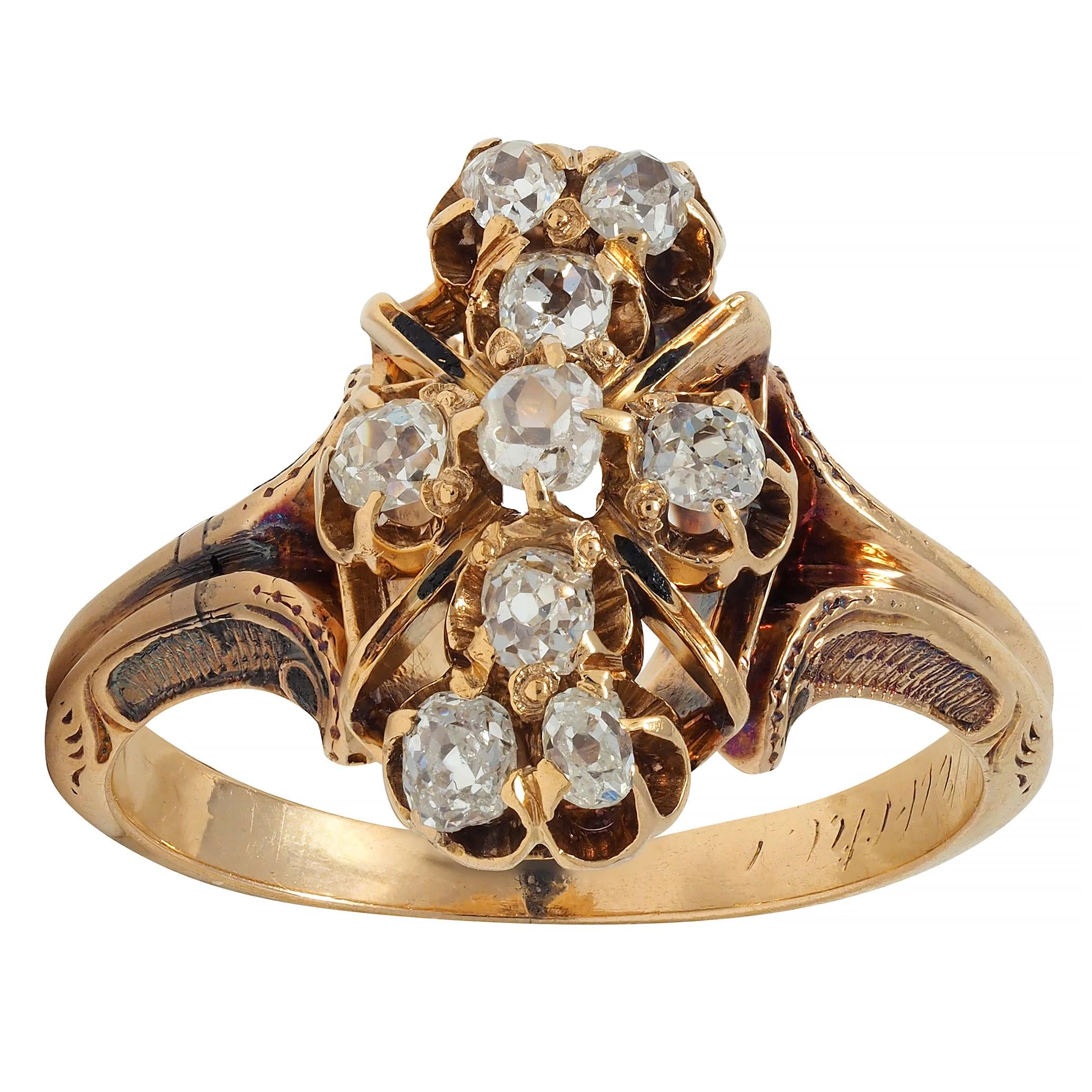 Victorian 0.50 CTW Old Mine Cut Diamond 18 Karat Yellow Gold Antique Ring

■ ■ ■ ■ ■

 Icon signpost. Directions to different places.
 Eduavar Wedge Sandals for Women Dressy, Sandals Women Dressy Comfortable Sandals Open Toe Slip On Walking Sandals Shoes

■ ■ ■ ■ ■

Assignment: Your task for the entries above: copy exactly the span starting with the line with "Icon signpost. Directions" and going on through the line with "Eduavar Wedge Sandals", both lines included, and nothing else.

Answer to the exercise:
 Icon signpost. Directions to different places.
 Eduavar Wedge Sandals for Women Dressy, Sandals Women Dressy Comfortable Sandals Open Toe Slip On Walking Sandals Shoes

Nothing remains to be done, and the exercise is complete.